# Exercise input
■ ■ ■ ■ ■ ■ ■
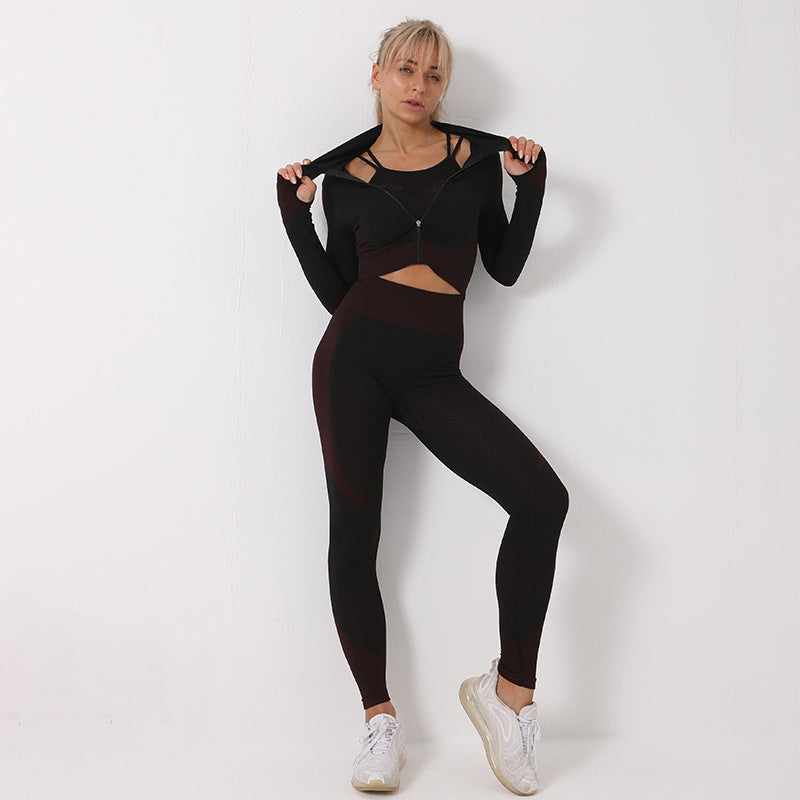 ZOE | THREE-PIECE SEAMLESS YOGA SET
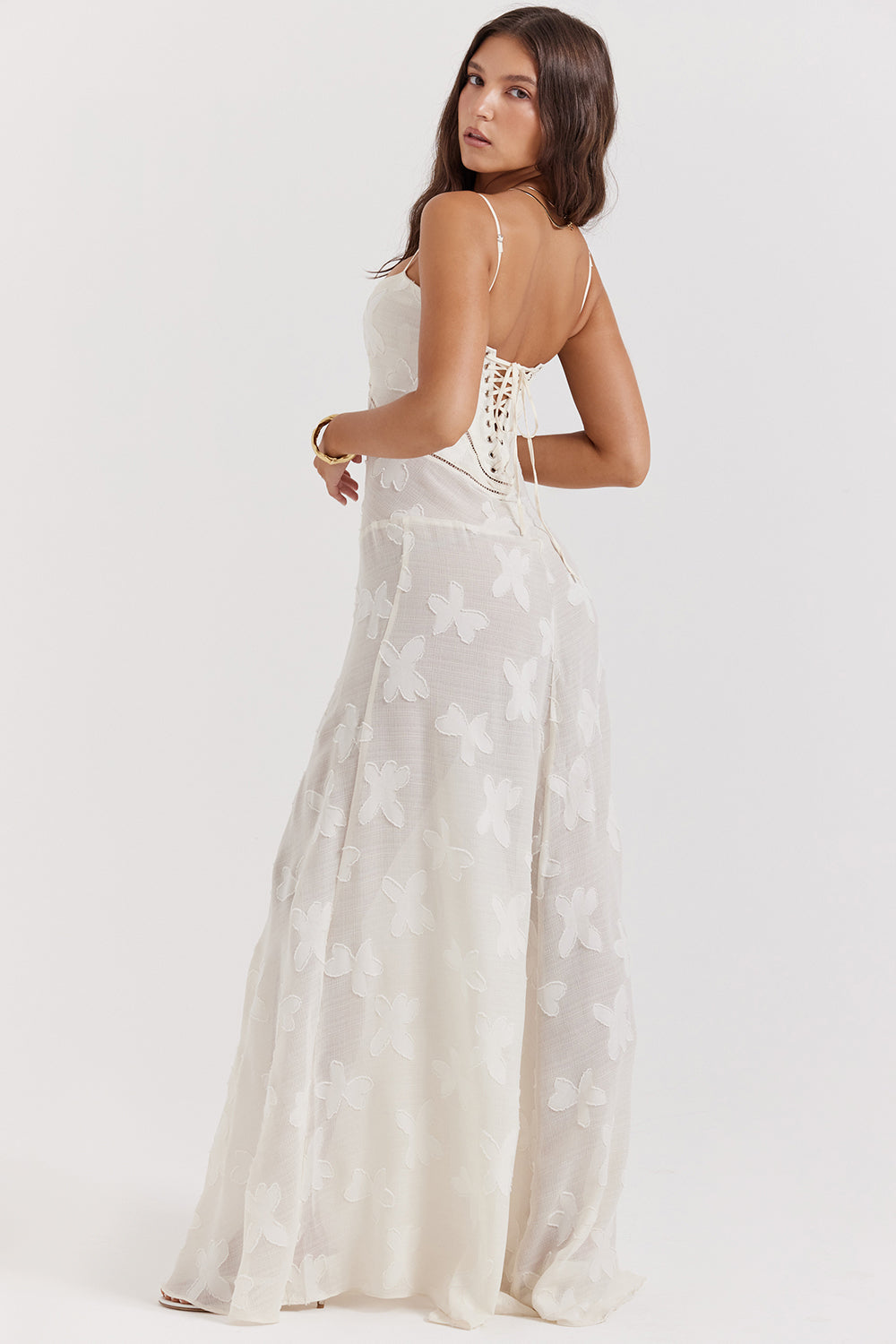 Women's strappy maxi dress – Fitted cut with flared hem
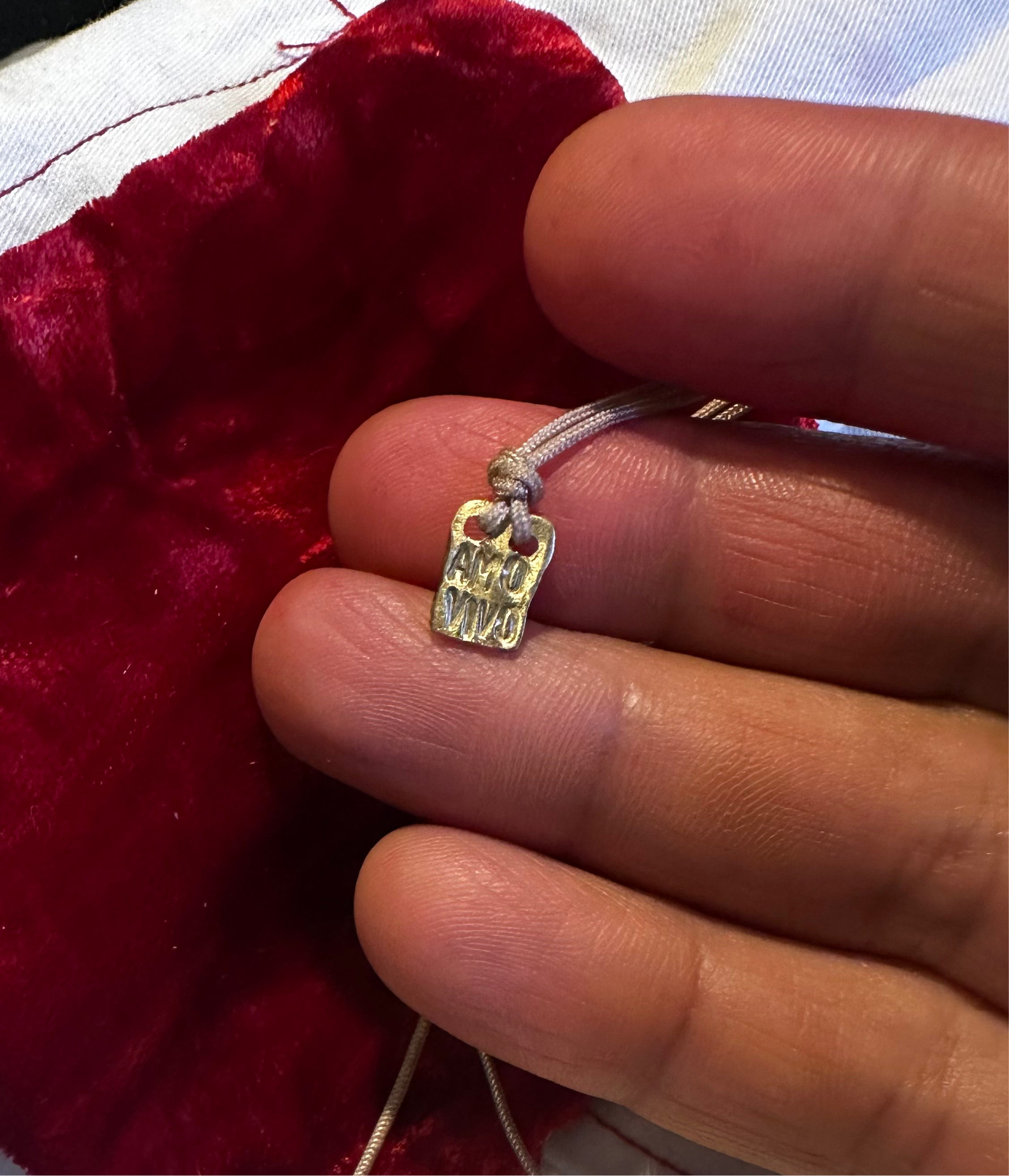 BABY Amuletos, mis amuletos te los puedo hacer con una palabra de máximo 4 letras.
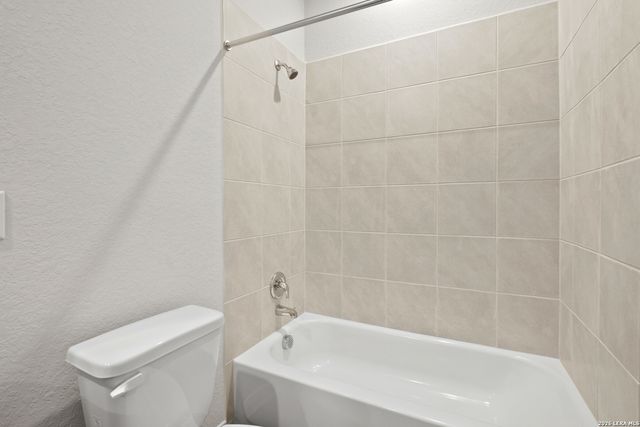 1221 Sweden, Seguin, TX 78155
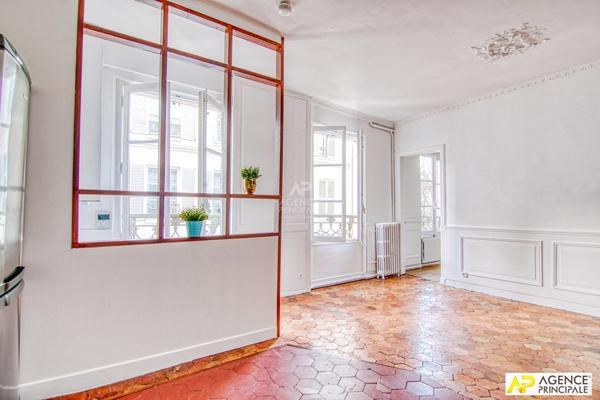 Versailles Notre-Dame Appartement 3 pièces de 54 m² situé au 2ème étage avec cave €445 000 ** - Référence 25450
■ ■ ■ ■ ■ ■ ■
# How to complete this task
Quote each entry above verbatim and drop the pictures.

# Response for this exercise
 ZOE | THREE-PIECE SEAMLESS YOGA SET
 Women's strappy maxi dress – Fitted cut with flared hem
 BABY Amuletos, mis amuletos te los puedo hacer con una palabra de máximo 4 letras.
 1221 Sweden, Seguin, TX 78155
 Versailles Notre-Dame Appartement 3 pièces de 54 m² situé au 2ème étage avec cave €445 000 ** - Référence 25450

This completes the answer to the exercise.